Best way to cascade thousands of objects?

Hi,

I’m facing a serious performance problem while trying to persist a root object that contains a large collection (100k objects). My application is ‘stuck’ for 20-30min between the call to myRepo.saveAndFlush(root) and the actual first SQL query in the logs.

Profiling the application show that all the time is spent in StatefulPersistenceContext.getOwnerId, which allocates a lot of temporary objects and triggers 1-2 GC/s. It looks like this method is called because of my bidirectional mapping, and the algorithm is not particularly well suited for ‘large’ collections.
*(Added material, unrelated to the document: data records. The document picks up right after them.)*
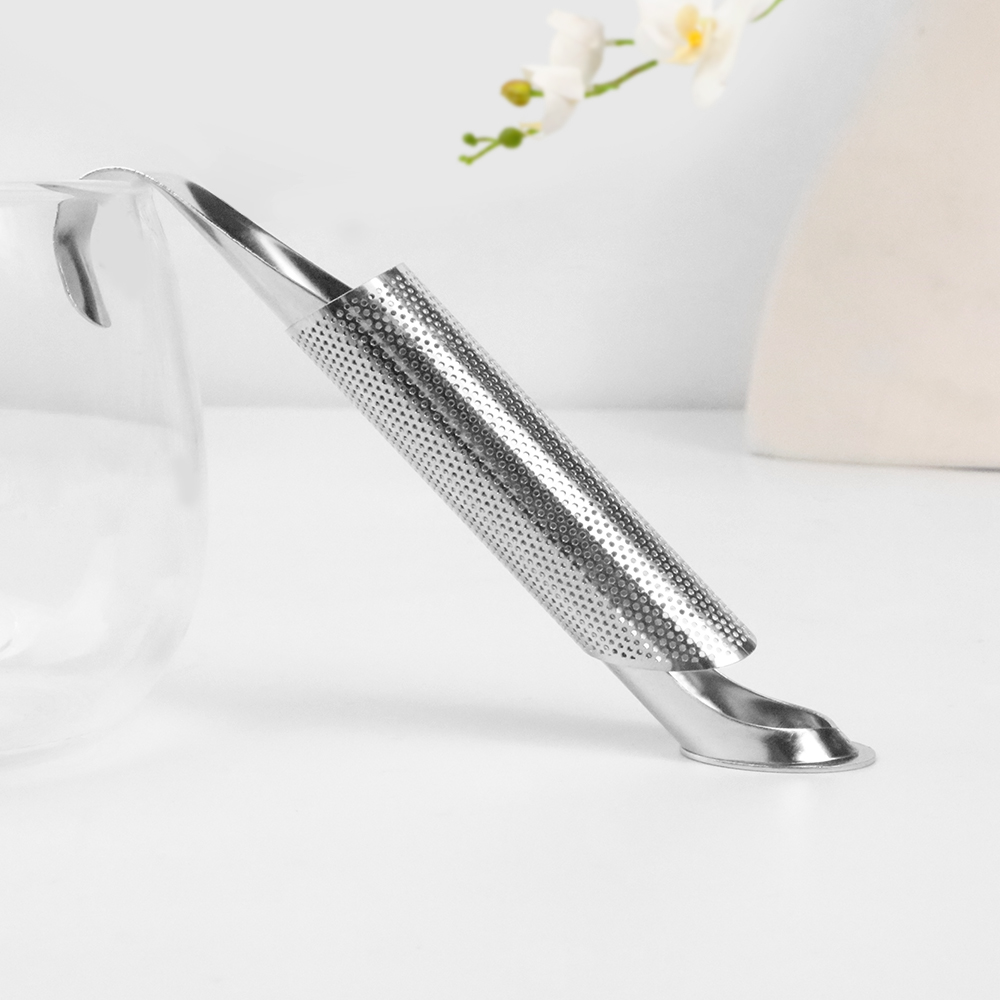 Tube Shape Tea Infuser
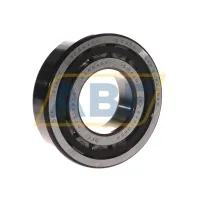 Цилиндрический роликовый подшипник NJ NJ312ECP SKF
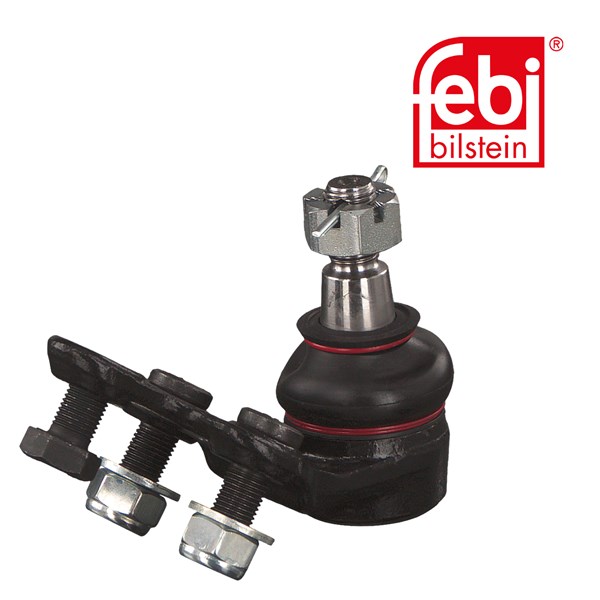 Kulled / Spindelled, Fram, höger eller vänster, Nedre Febi bilste FEBI BILSTEIN Kulled / Spindelled, Fram, höger eller vänster, Nedre Febi bilste FEBI BILSTEIN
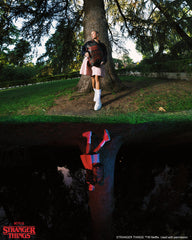 STRANGER THINGS COLLAB BACKPACK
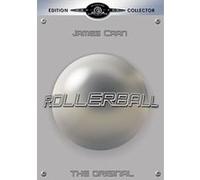 Rollerball - Edition collector E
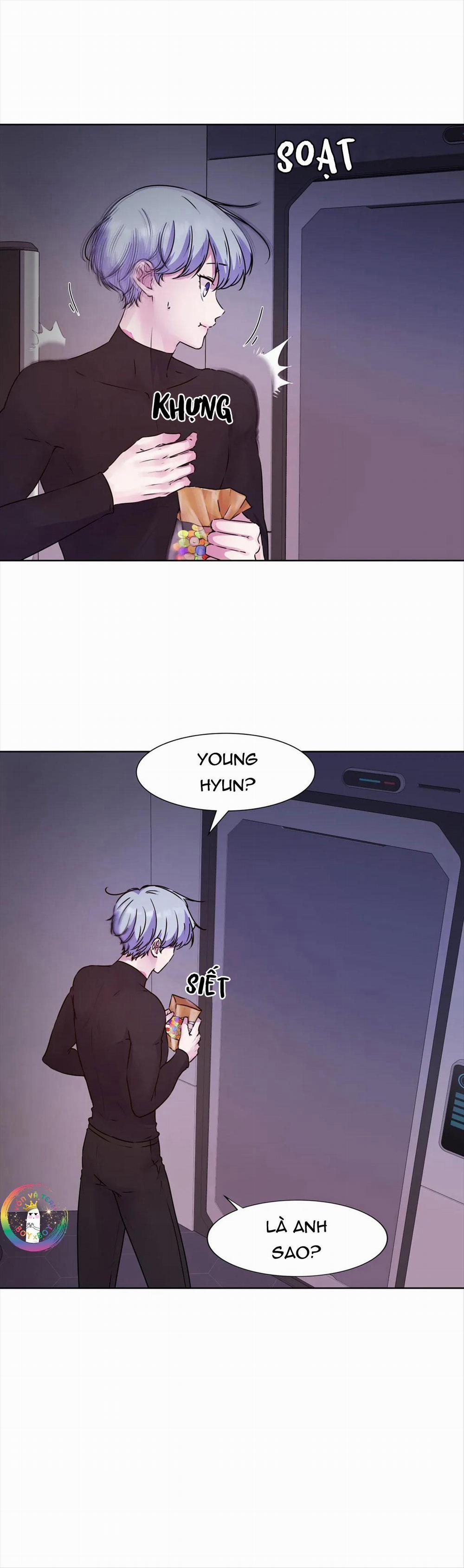 Guiding Light 11 Tiếp tục 0 trang 27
It might be the same problem as [HHH-1612] Serious performance lost within IdentityMap... - Hibernate JIRA.

I’m wondering what would be the best way to persist such a hierarchy: object A which contains a List<B> of 100k elements, and each B has a List<C> of < 10 elements.

My current mapping is:

<class name="A" table="a">
...
	<bag name="bList" inverse="true">
		<key column="a_uuid" not-null="true"/>
		<one-to-many class="B"/>
	</bag>
</class>

<class name="B" table="b">
	<bag name="cList" table="assoc_table" cascade="all-delete-orphan">
		<key column="b_uuid" not-null="true"/>
		<element column="el">
			<type name="..."/>
		</element>
	</bag>

	<many-to-one name="parentA" column="a_uuid"/>
</class>

I have configured batching, but the performance problem happens before SQL queries are run, so I don’t think it really matters.

Do I need to remove the cascade and persist the List<B> separately?

From what I can see, A and B are connected through a FK on B, so why do you need cascading from A to B? You can simply persist B objects that point to A through the FK.

Having said that, if you have an idea how to improve the performance for your use case, we are happily accepting PRs for that.